### Exercise description:
Give back an exact copy of the lines in the records below, from the line that has "2 Pyrex Tableware Coffee Cups" through the line that has "Dell Alienware m15 R2 – herní notebook - 3", and nothing besides.

### Excerpted data:
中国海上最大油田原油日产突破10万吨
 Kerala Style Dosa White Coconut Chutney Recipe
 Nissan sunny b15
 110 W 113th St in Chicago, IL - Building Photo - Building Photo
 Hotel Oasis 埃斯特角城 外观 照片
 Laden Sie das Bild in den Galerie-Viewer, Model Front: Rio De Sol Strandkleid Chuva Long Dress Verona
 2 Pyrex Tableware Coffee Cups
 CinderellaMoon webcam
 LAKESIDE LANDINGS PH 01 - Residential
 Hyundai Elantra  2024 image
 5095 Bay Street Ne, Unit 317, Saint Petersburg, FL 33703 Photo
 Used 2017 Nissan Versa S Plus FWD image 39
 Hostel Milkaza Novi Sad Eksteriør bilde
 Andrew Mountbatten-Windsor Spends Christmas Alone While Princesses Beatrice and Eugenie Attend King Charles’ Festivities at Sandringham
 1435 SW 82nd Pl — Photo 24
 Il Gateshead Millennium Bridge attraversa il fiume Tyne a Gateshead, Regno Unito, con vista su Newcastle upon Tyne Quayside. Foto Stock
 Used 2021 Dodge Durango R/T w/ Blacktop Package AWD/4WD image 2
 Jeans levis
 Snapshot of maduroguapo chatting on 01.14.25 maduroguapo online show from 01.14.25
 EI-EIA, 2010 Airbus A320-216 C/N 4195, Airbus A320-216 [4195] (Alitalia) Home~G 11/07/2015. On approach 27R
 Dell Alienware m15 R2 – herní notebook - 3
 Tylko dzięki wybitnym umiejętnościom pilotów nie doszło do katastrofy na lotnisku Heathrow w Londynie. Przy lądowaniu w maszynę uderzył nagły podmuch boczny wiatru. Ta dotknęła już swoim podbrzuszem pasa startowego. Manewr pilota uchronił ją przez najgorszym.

### Result for this exercise:
 2 Pyrex Tableware Coffee Cups
 CinderellaMoon webcam
 LAKESIDE LANDINGS PH 01 - Residential
 Hyundai Elantra  2024 image
 5095 Bay Street Ne, Unit 317, Saint Petersburg, FL 33703 Photo
 Used 2017 Nissan Versa S Plus FWD image 39
 Hostel Milkaza Novi Sad Eksteriør bilde
 Andrew Mountbatten-Windsor Spends Christmas Alone While Princesses Beatrice and Eugenie Attend King Charles’ Festivities at Sandringham
 1435 SW 82nd Pl — Photo 24
 Il Gateshead Millennium Bridge attraversa il fiume Tyne a Gateshead, Regno Unito, con vista su Newcastle upon Tyne Quayside. Foto Stock
 Used 2021 Dodge Durango R/T w/ Blacktop Package AWD/4WD image 2
 Jeans levis
 Snapshot of maduroguapo chatting on 01.14.25 maduroguapo online show from 01.14.25
 EI-EIA, 2010 Airbus A320-216 C/N 4195, Airbus A320-216 [4195] (Alitalia) Home~G 11/07/2015. On approach 27R
 Dell Alienware m15 R2 – herní notebook - 3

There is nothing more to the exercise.